Representatives of various agricultural associations, from produce to dairy products, also praised the bill.

“The International Fresh Produce Association, and in particular our member farmers, commend Congressman Joe Courtney and Chairman Glenn “GT” Thompson for reintroducing the Young Farmer Success Act,” said Robert Guenther, chief public policy officer for the International Fresh Produce Association. “This legislation is investing in the future of agriculture, something our industry and all Americans desperately need. Food security is national security, and as we have seen during the pandemic, our farmers are the frontline workers and vital to ensuring our food security. With the growing financial burdens farmers face in operating their businesses This investment in their education will help alleviate part of this burden and open the doors for more people to enter the field of agriculture.”

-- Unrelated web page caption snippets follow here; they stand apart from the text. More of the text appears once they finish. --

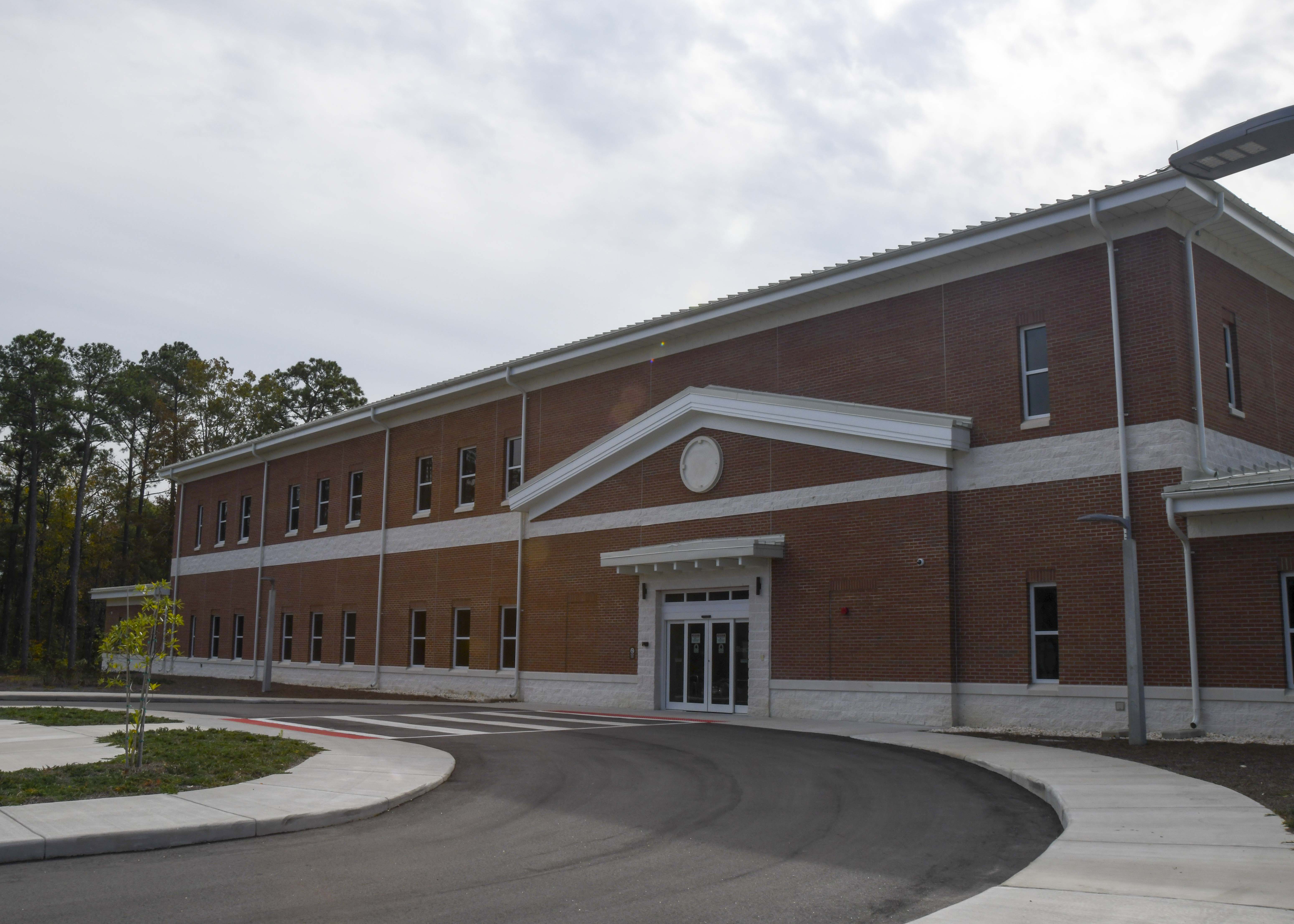 Marines Camp Lejeune Substance Assessment and Counseling Center facility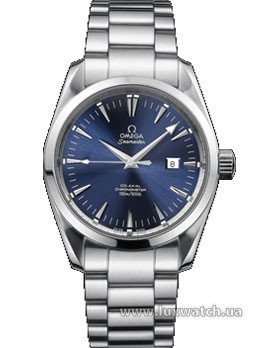 Omega » _Archive » Seamaster Aqua Terra Mid Size Chronometer » 2504.80.00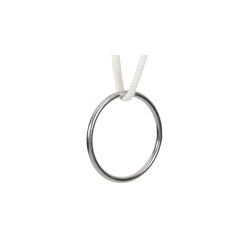 Heavy-Duty Steel Ring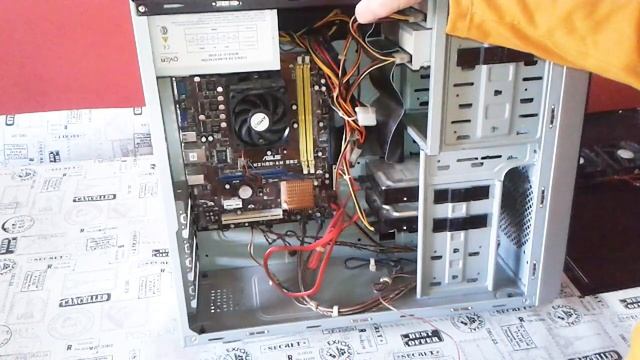 EL MONITOR NO TIENE IMAGEN смотреть онлайн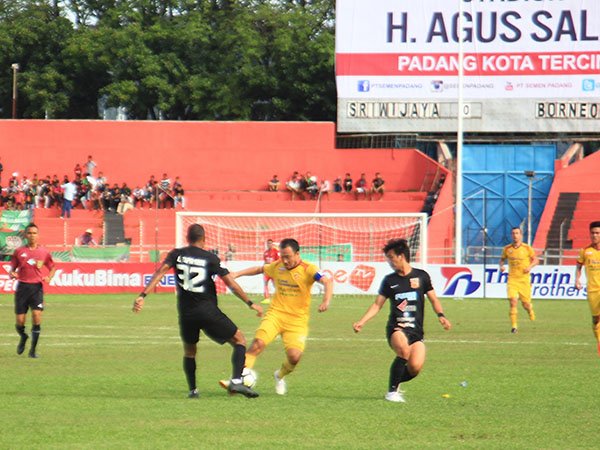 Kalteng Putra Sukses Datangkan Eks Kapten Sriwijaya FC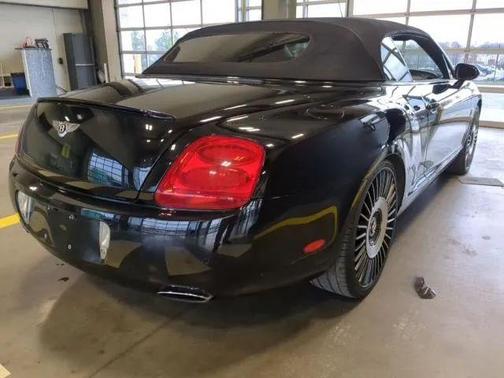2007 Bentley Continental GTC GTC Convertible 2D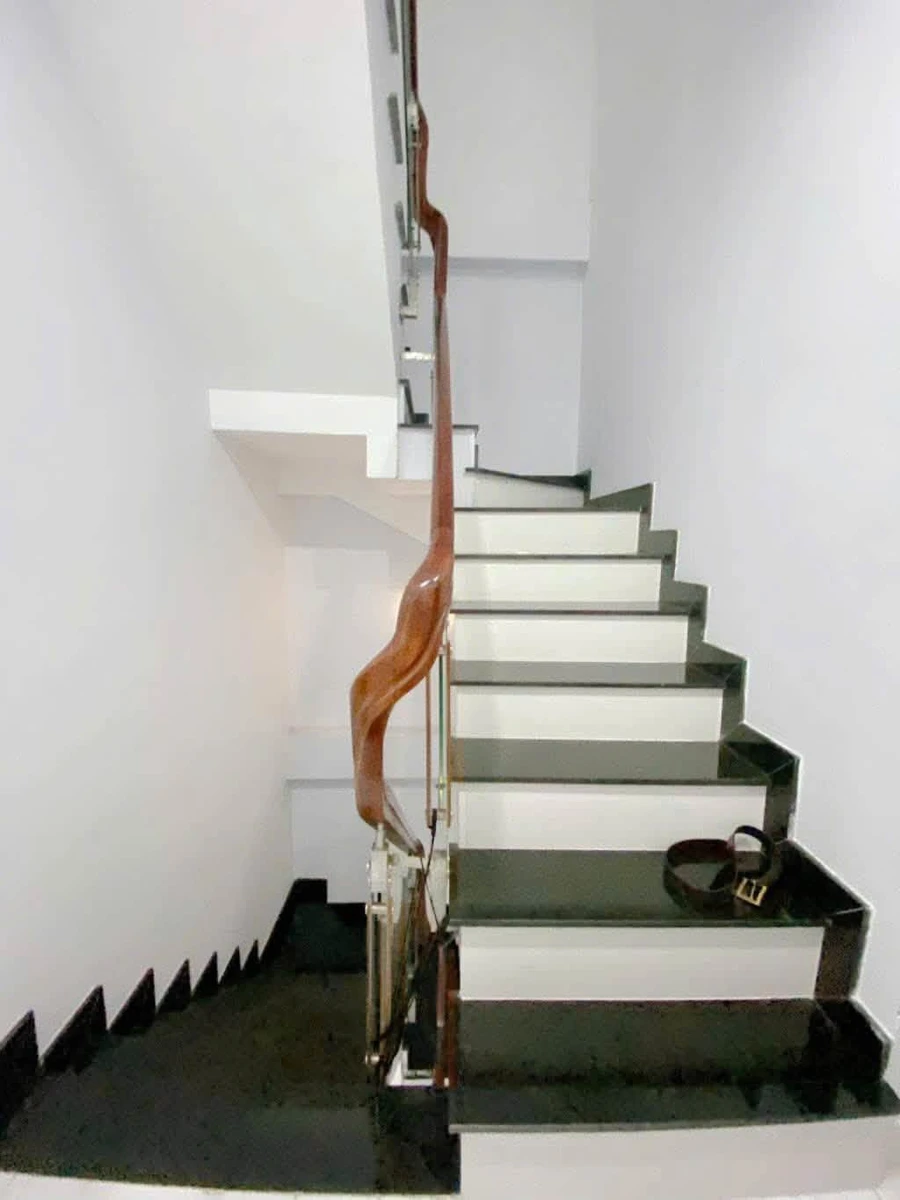 Bán nhà mặt tiền kinh doanh Hồng Lạc 75m2, 4 tầng, nhỉnh 13 tỷ, P. Bảy Hiền, Tân Bình - Ảnh thu nhỏ 4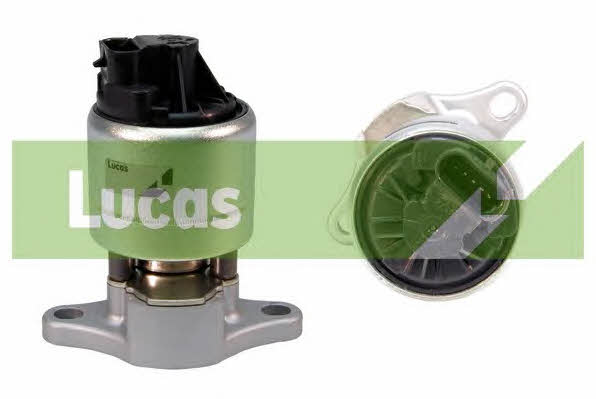 Lucas Electrical FDR300 Клапан рециркуляції відпрацьованих газів EGR FDR300: Купити в Україні - Добра ціна на EXIST.UA!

“We commend Chairman JT Thompson (R-PA) and Representative Joe Courtney (D-CT) for reintroducing the bipartisan Young Farmer Success Act. This important legislation will give farmers a boost,” said Jim Mulhern, president and CEO of the National Dairy Producers Federation. Dedicated young people early in their careers as they set out to feed families here at home and around the world.”

“For our farm and food system to thrive, we need a new generation of farmers. However, among the many barriers to success for young farmers, student debt looms large. The Young Farmer Success Act addresses both of these pressing challenges by allowing young farmers to Farm Aid is proud to support the bipartisan bill and recognize that farming is truly a public service,” said Jennifer Fahey, Director of Communications for Farm Aid.

The Young Farmers Success Act has received additional support from organizations representing farmers and ranchers across the country, including the Illinois Farmers Bureau (ILFB), the National Farmers Federation, and the National Corn Growers Association.